*Exercise prompt*
Your task is to transcribe the entries below exactly, beginning with the line containing "Close-up of red rose flower" and ending with the final line, and to add nothing else.

*Data for this task*
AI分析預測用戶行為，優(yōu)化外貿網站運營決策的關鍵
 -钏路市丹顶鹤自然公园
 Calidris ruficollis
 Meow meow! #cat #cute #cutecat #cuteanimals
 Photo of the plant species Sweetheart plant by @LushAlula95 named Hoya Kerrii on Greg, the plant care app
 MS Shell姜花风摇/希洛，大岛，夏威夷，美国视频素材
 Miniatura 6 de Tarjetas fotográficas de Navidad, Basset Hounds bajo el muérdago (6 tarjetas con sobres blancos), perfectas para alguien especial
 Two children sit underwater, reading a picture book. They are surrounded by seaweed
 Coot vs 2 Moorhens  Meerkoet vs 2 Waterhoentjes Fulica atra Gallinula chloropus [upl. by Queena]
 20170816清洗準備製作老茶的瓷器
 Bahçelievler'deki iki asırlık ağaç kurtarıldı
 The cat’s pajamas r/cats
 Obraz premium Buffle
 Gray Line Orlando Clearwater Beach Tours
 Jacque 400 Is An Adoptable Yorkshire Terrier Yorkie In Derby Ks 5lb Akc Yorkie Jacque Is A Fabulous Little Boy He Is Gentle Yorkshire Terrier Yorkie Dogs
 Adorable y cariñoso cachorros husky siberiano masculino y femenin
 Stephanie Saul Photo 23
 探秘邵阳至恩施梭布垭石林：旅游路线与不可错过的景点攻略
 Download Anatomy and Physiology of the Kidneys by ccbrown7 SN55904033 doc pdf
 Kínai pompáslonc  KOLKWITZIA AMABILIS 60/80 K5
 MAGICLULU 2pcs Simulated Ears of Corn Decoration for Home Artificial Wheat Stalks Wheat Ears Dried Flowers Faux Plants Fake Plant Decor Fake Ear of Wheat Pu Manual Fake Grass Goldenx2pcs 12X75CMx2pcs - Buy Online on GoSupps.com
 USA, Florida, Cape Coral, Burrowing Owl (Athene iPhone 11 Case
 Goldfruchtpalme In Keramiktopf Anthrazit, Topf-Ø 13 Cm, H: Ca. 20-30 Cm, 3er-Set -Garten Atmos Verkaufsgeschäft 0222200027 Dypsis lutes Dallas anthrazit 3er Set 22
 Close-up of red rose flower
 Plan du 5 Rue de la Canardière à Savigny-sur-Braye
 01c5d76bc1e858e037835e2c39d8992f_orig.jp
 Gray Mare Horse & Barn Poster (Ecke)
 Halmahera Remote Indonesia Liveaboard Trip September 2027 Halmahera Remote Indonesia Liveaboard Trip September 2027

*Written solution*
 Close-up of red rose flower
 Plan du 5 Rue de la Canardière à Savigny-sur-Braye
 01c5d76bc1e858e037835e2c39d8992f_orig.jp
 Gray Mare Horse & Barn Poster (Ecke)
 Halmahera Remote Indonesia Liveaboard Trip September 2027 Halmahera Remote Indonesia Liveaboard Trip September 2027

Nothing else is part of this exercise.